**Stored records:**
○ ○ ○ ○ ○

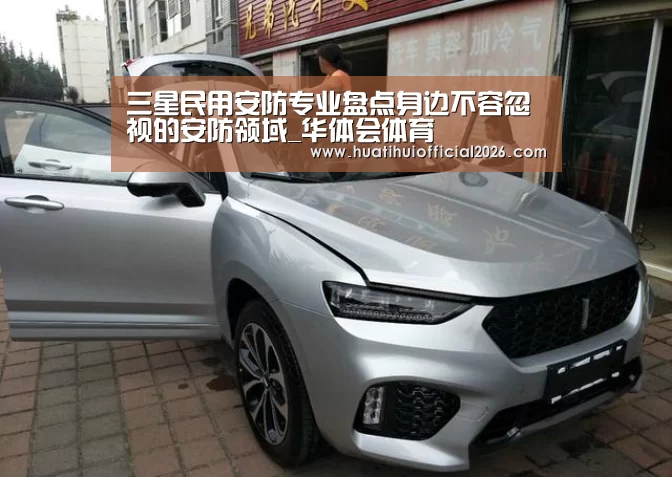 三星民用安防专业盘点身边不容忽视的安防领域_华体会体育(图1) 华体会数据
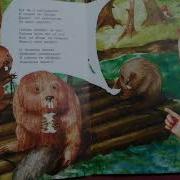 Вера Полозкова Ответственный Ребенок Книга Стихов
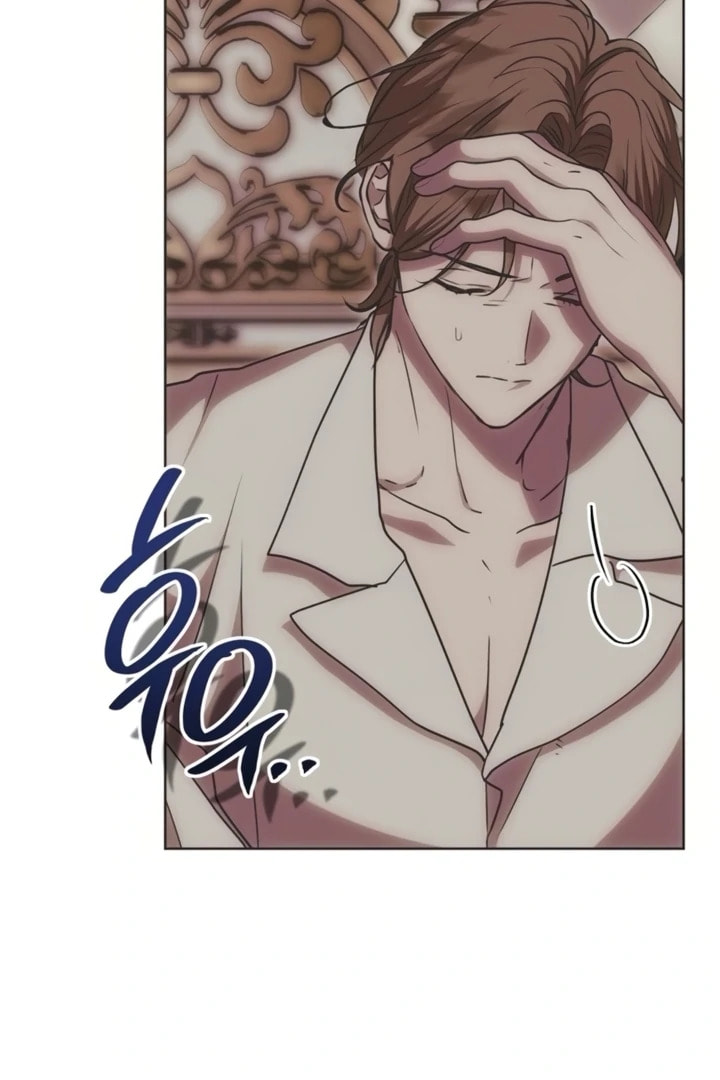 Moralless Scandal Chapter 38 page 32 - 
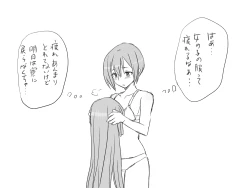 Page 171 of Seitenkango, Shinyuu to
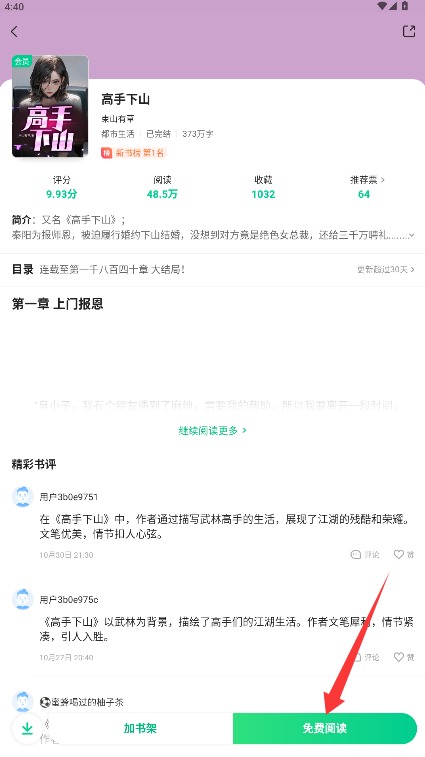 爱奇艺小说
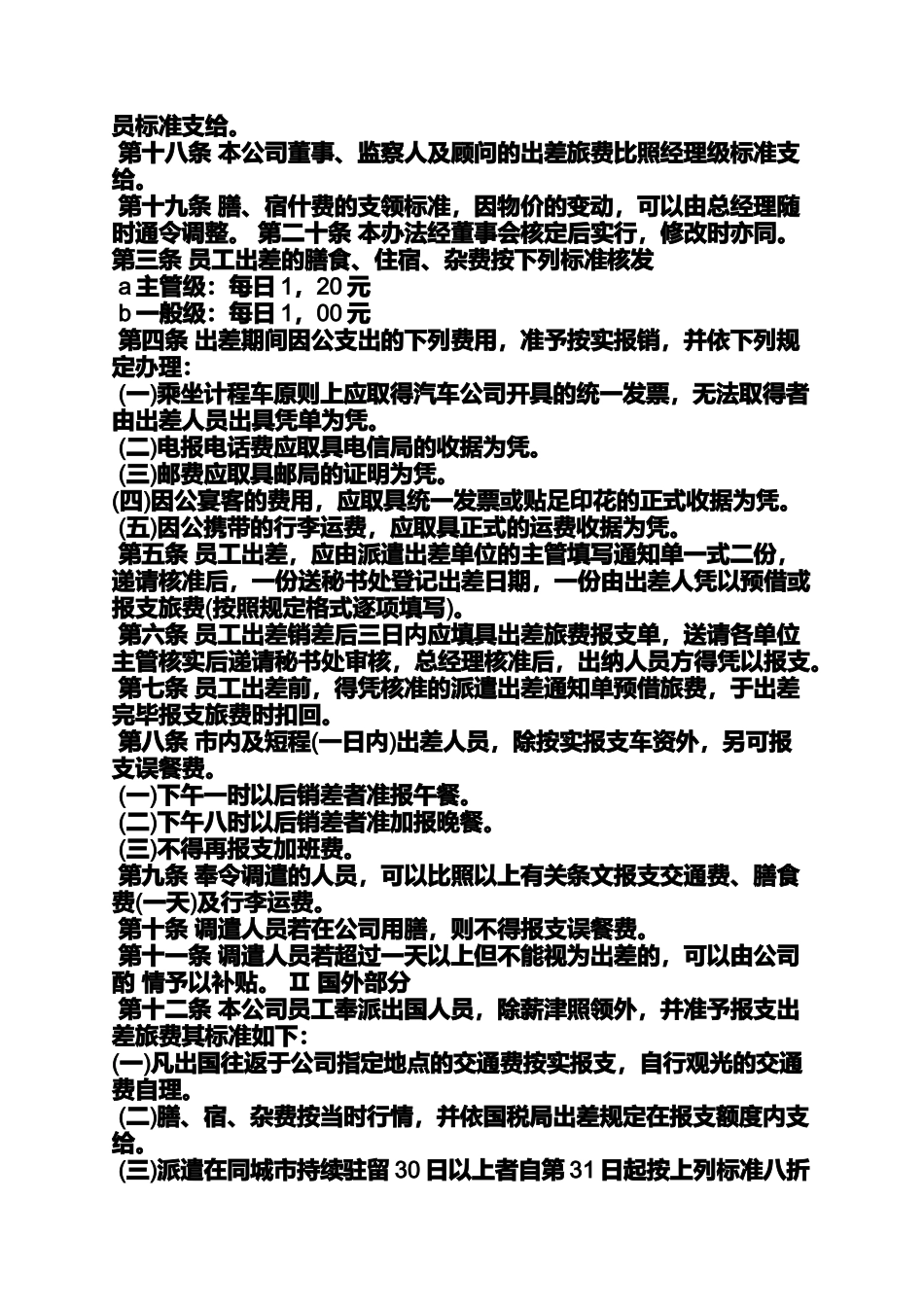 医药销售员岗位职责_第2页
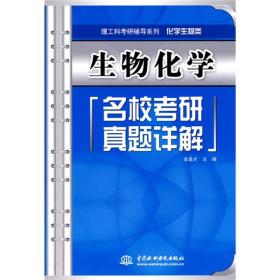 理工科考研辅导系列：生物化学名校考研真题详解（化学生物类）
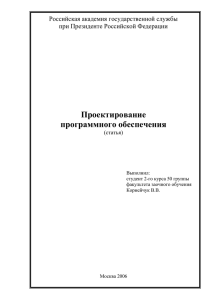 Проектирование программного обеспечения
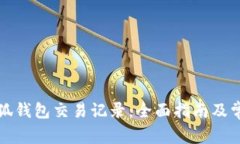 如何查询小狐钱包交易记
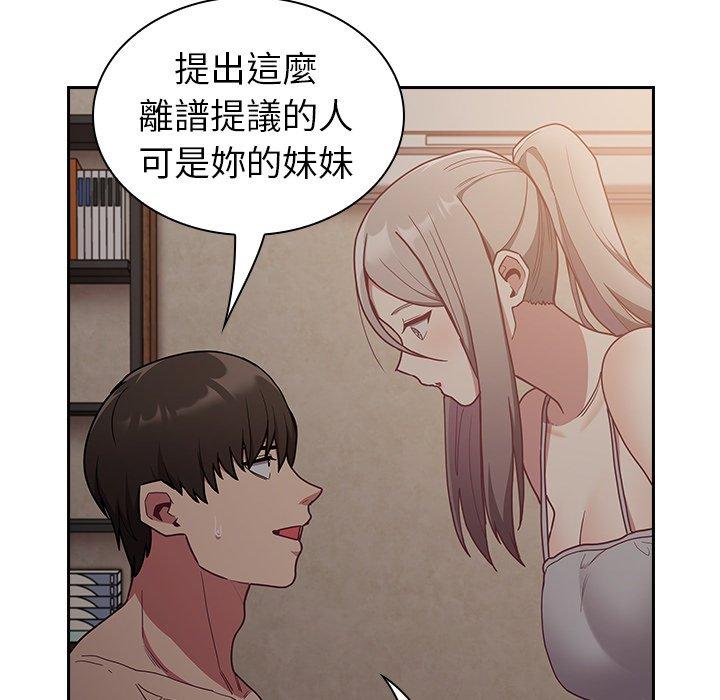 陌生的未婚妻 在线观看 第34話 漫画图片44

○ ○ ○ ○ ○

**ASSIGNMENT:** Please hand back every entry above exactly, with no images in the copy.

**SOLUTION:**
 三星民用安防专业盘点身边不容忽视的安防领域_华体会体育(图1) 华体会数据
 Вера Полозкова Ответственный Ребенок Книга Стихов
 Moralless Scandal Chapter 38 page 32 - 
 Page 171 of Seitenkango, Shinyuu to
 爱奇艺小说
 医药销售员岗位职责_第2页
 理工科考研辅导系列：生物化学名校考研真题详解（化学生物类）
 Проектирование программного обеспечения
 如何查询小狐钱包交易记
 陌生的未婚妻 在线观看 第34話 漫画图片44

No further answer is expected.